Or is expenditure < 350

1) Total cost = Material+Labor
T = M+L
T = 3M
3M = M+L
2M = L

Labor cost is twice that of material.

If M=1, L=2; T=3. Expenditure < 350. Yes
M=150; L=300; T=450;


Actually, you may not want to use so many variables and then plug values. Chances of error are very high in this case. Preferably, stick to algebra or reason it out as follows:

>>> A construction company was paid a total of $500,000 for a construction project. The company's only costs for the project were for labor and materials.

500,000 is divided into 3 parts - Labor costs, material costs and profit.

>>> Was the company's profit greater than $150,000?

Was profit > 150,000?

>>> (1) The company's total cost was three times its cost for materials.

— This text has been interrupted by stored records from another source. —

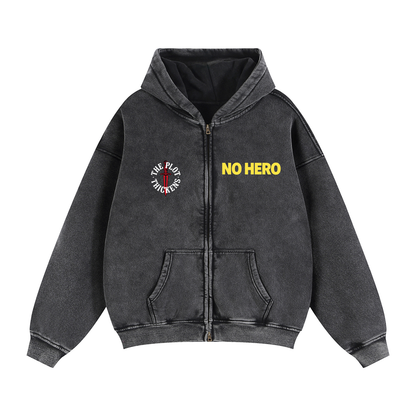 Plot Twist No Hero Boxy Zip-Through Hoodie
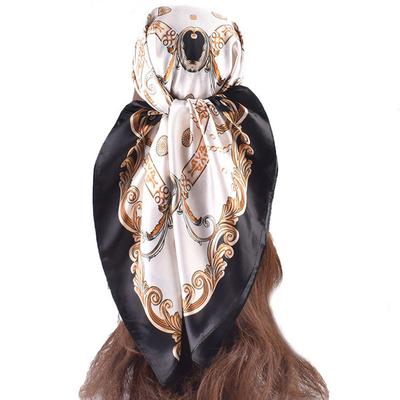 Luxury Design Hijab Women Silk Square Scarf Neckerchief Hair Bands Foulards Femme Shawls Wraps Ribbon Bandanas Ladies 90X90Cm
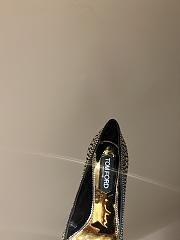kitlife Tom Ford Black/Gold Studded Suede Pointed Toe Pumps  - 3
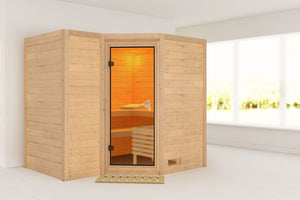 Sauna Sahib 2 Massivholzsauna, Eckeinstieg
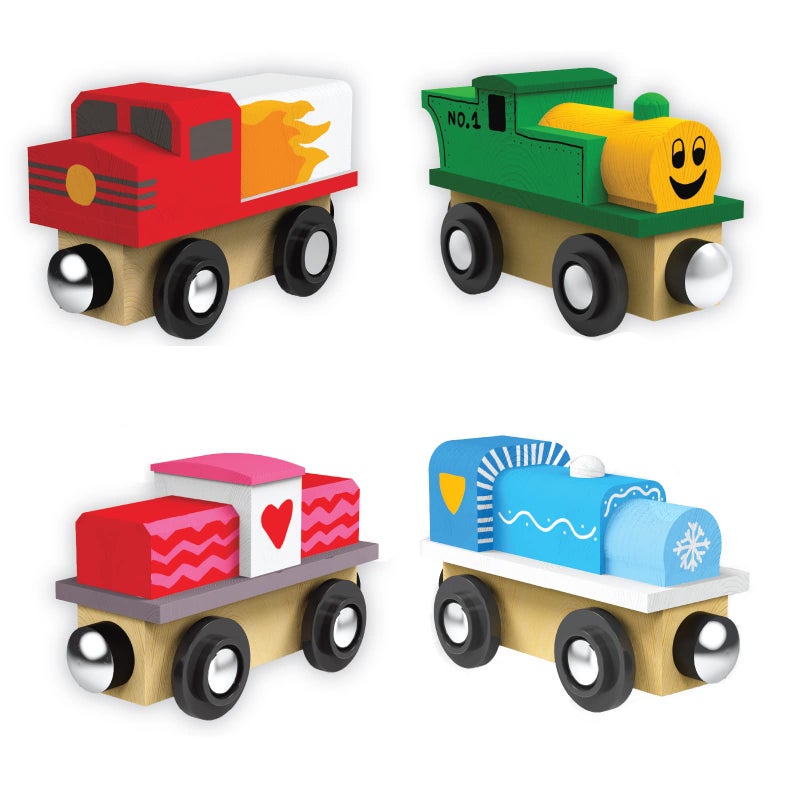 Orbrium 24 Unpainted Wooden Trains Engines Cars Compatible with Thomas Brio Magnetic Toy Trains for Kids Boys Girls Train Theme Birthday Party Favors Craft DIY Creative Activity - Image 3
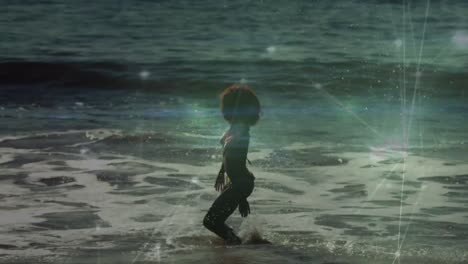 animation of light spots over african american woman at beach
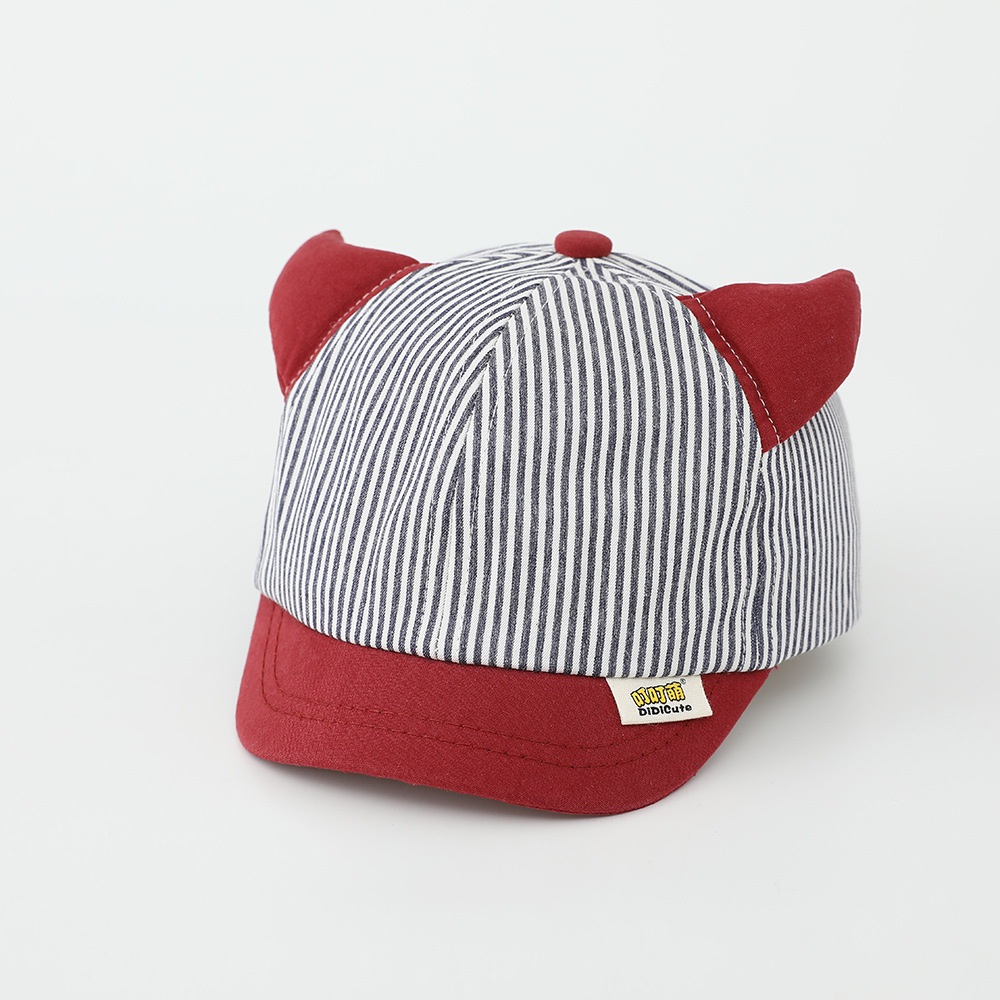 Chapéu de sol às riscas para menino aba macia primavera outono_voghion.com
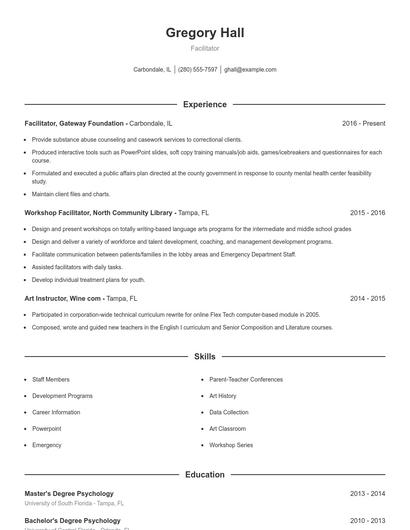 Resume example 1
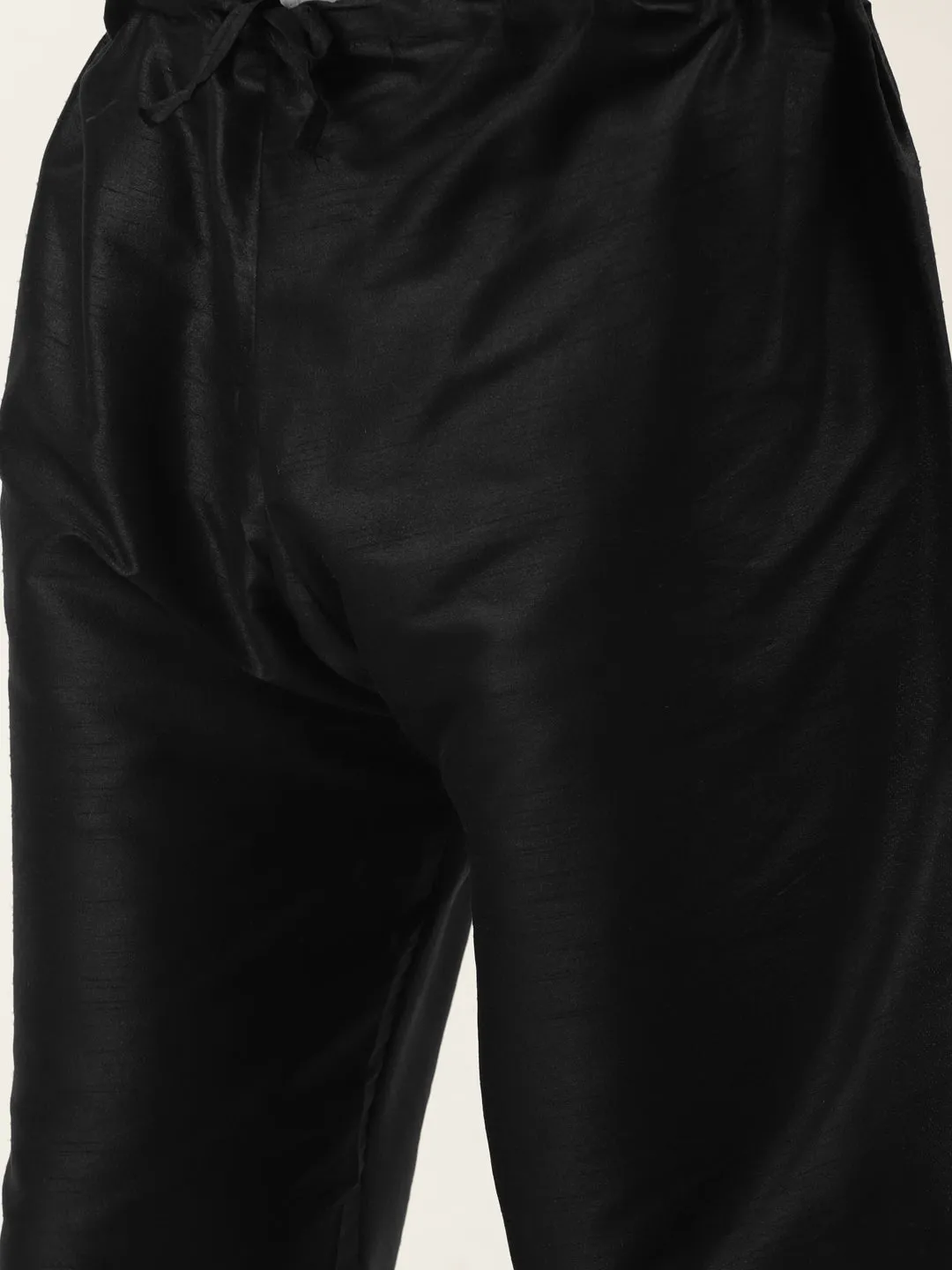 Men's Silk Blend Black Kurta Pyjama & Mustard Nehrujacket Combo - Sojanya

labor cost + material cost = 3 * material cost
labor cost = 2* material cost

So now we know that 500,000 is divided into 3 parts - 2*material costs (labor), material costs and profit.
But no idea what these costs and profit are. Not sufficient.

>>> (2) The company's profit was greater than its cost for labor
Profit > labor cost but no idea how much labor cost or material cost was. Not sufficient.

Together, Profit > 2 material cost so even if it was greater than 2*material cost by a very very small amount, 500,000 would have been split into 3 parts: 2*material cost (labor), material cost and 2*material cost (profit)
So 2*material cost would be at least 200,000. Hence profit is at least 200,000. Sufficient.
Answer (C).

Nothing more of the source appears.